Daniel, un docente de la Ciudad de Orán, se encontró en un verdadero embrollo tras adquirir un vehículo en la concesionaria ABC Automotores en 2020. Lo que parecía ser un simple préstamo de amortización francés se transformó en una pesadilla financiera cuando descubrió que había sido incluido en un crédito UVA sin su consentimiento. Desde la producción de MedianocheTV, se pudo contactar con el afectado para poder conocer más a fondo su historia.
Inicialmente convencido por las cuotas aparentemente estables del préstamo, Daniel pronto notó que las facturas superaban con creces lo acordado. Al indagar sobre el motivo, recibió respuestas ambiguas y finalmente decidió recurrir a la justicia.
Según su denuncia, el documento que autorizaba el crédito UVA llevaba su firma, pero él asegura que nunca lo firmó y que el papel podría haber sido adulterado. A pesar de sus esfuerzos por demostrar el fraude, el sistema judicial falló en su contra, argumentando que él debía asumir el crédito tal como se especificaba en el contrato.
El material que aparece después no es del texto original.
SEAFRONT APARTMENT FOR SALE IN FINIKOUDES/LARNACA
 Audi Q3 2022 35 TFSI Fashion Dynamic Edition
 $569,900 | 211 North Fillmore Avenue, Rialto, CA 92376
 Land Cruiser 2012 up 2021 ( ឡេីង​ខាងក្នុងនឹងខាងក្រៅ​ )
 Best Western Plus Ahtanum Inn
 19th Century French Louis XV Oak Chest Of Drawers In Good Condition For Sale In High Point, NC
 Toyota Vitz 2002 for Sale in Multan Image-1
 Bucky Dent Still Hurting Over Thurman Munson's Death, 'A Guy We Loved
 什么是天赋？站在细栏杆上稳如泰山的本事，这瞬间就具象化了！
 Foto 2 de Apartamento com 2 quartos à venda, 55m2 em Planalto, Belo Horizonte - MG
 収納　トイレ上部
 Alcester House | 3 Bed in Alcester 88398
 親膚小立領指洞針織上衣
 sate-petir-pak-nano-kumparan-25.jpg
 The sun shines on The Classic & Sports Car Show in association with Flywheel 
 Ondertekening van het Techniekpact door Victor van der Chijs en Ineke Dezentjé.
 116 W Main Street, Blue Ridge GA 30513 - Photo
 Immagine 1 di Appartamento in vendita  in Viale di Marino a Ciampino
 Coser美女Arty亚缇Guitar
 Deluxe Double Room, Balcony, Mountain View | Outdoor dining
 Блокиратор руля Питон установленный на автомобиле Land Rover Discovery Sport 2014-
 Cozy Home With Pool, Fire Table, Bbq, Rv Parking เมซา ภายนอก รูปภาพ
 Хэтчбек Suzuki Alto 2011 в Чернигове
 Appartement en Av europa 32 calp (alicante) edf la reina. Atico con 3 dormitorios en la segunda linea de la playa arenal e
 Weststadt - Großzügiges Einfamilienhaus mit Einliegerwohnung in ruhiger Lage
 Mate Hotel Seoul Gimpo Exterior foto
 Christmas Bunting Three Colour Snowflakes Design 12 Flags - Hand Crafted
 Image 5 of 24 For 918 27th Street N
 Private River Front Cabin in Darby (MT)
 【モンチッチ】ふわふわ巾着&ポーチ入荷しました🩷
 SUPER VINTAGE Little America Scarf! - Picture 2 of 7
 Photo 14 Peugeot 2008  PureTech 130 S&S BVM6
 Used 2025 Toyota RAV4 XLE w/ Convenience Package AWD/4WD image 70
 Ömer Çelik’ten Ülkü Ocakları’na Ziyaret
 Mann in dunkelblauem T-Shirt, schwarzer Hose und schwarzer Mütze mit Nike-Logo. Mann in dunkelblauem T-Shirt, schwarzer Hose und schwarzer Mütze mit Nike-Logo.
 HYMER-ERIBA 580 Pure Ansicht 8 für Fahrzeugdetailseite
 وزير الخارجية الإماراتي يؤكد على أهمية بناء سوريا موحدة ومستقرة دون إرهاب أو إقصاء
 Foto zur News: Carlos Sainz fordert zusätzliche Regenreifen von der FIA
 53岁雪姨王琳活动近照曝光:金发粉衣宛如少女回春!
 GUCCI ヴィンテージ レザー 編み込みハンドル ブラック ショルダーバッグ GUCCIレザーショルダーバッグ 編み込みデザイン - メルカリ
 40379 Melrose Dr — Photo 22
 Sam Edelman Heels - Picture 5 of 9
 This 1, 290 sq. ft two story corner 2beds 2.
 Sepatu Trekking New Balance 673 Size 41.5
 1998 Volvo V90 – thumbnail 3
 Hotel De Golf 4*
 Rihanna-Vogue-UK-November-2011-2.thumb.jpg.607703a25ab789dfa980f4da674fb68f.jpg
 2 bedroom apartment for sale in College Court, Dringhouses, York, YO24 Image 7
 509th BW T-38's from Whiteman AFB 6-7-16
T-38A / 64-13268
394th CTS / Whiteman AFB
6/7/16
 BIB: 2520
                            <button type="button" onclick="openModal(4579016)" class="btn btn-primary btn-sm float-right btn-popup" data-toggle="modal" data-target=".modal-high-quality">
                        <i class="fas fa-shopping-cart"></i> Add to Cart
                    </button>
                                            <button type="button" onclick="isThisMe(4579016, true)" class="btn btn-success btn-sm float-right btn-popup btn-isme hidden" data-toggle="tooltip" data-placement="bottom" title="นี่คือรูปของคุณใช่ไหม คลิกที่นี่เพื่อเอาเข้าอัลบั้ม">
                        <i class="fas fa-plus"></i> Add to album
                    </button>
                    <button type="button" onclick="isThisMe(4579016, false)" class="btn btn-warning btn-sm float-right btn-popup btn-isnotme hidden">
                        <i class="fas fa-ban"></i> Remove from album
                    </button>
La situación se agravó aún más cuando, años después, intentó deshacerse del vehículo solo para descubrir que le reclamaban 14 millones de pesos en honorarios legales, tanto del banco que proporcionó el crédito como de la propia concesionaria.
«La jueza se negó a reconocer el fraude y me dejó en una posición insostenible. Ahora me enfrento a una deuda astronómica por algo que nunca quise ni firmé», lamentó Daniel, cuyo caso ha puesto en tela de juicio la transparencia y la ética en las prácticas comerciales de la concesionaria.
Este incidente no solo ha dejado a Daniel en una situación financiera ruinosa, sino que también ha resaltado la necesidad de una mayor protección al consumidor frente a prácticas engañosas en la industria automotriz.